Indigenous people and campaigners hoped the first UN climate summit held in the Amazon would define a concrete plan for saving the world’s forests. But COP30’s “Global Mutirão” decision makes only passing mention of the COP28 target adopted by all countries to halt and reverse forest loss by 2030 – a goal data shows is way off-track.

A decision on cutting carbon emissions – part of the broader package of COP30 outcomes – also made short shrift of the issue, referring only to the “challenges in addressing drivers of deforestation” while also being “mindful of pursuing sustainable development and food security”.

“Our expectations were far higher than what this COP in the heart of the Amazon ultimately delivered,” Fernanda Carvalho, head of policy for climate and energy at WWF, told Climate Home News.

Panama’s head of delegation at the talks, Juan Carlos Monterrey, said in a social media post that “a Forest COP with no commitment on forests is a very bad joke”.

    Off-course on ending deforestation

    In the run-up to the talks, Brazil’s COP30 presidency made much of the Amazon venue, and President Luiz Inácio Lula da Silva called for negotiators to deliver a roadmap to end deforestation by the end of the decade, alongside another roadmap to transition away from fossil fuels.

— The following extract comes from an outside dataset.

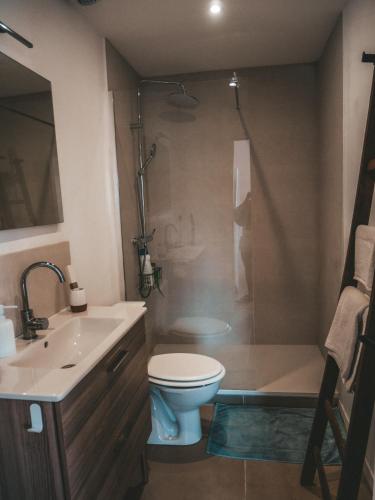 une salle de bain avec toilettes, lavabo et douche dans l'établissement La bodeguita terrasse, à Saint-Génis
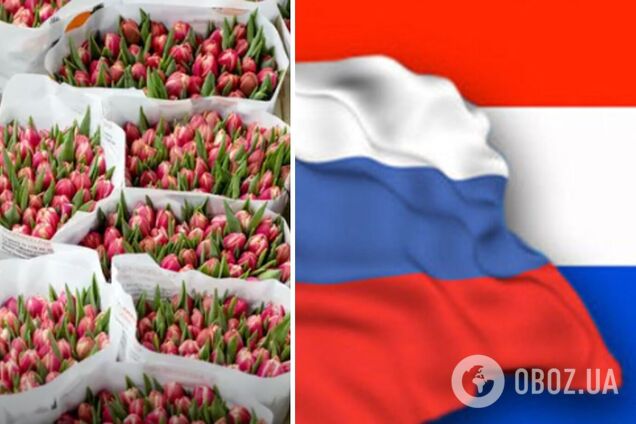 'Тюльпани роблять людей щасливими': Нідерланди продовжують продавати РФ квіти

    The world is way off-track to meet the COP28 deforestation target, first set at COP26 in Glasgow in 2021. Forested areas the size of England were lost last year as agricultural expansion continued to fuel deforestation, according to a global assessment by experts and NGOs released just before the Belém summit.

    But despite winning backing from all 56 members of the Coalition of Rainforest Nations and 27 European Union member states, a deforestation roadmap – like the roadmap to transition away from fossil fuels – was relegated to a voluntary initiative to be drawn up by the COP30 presidency in time for COP31 in Türkiye next year.

    COP observers blamed the weak outcome more on a lack of political will than overt opposition, but some countries did balk at giving forests stronger support.

    Argentina – an agricultural powerhouse – pushed back even on a brief reference to deforestation in the mitigation text, saying mention of the drivers of deforestation “should be analysed from a historical perspective” and take into account developing countries’ differentiated responsibilities.

    An aerial view shows a deforested plot of the Amazon during a Greenpeace flyover amid the UN Climate Change Conference (COP30), near Cachoeira do Piria, state of Para, Brazil, November 13, 2025. REUTERS/Adriano Machado
    An aerial view shows a deforested plot of the Amazon during a Greenpeace flyover amid the UN Climate Change Conference (COP30), near Cachoeira do Piria, state of Para, Brazil, November 13, 2025. REUTERS/Adriano Machado

    “Better than nothing”

    Yet while the results of the “Amazon COP” were “disappointing”, COP30 did summon up “both money and political will” from countries supporting broader efforts to end deforestation, said Toerris Jaeger, executive director of Rainforest Foundation Norway, an NGO.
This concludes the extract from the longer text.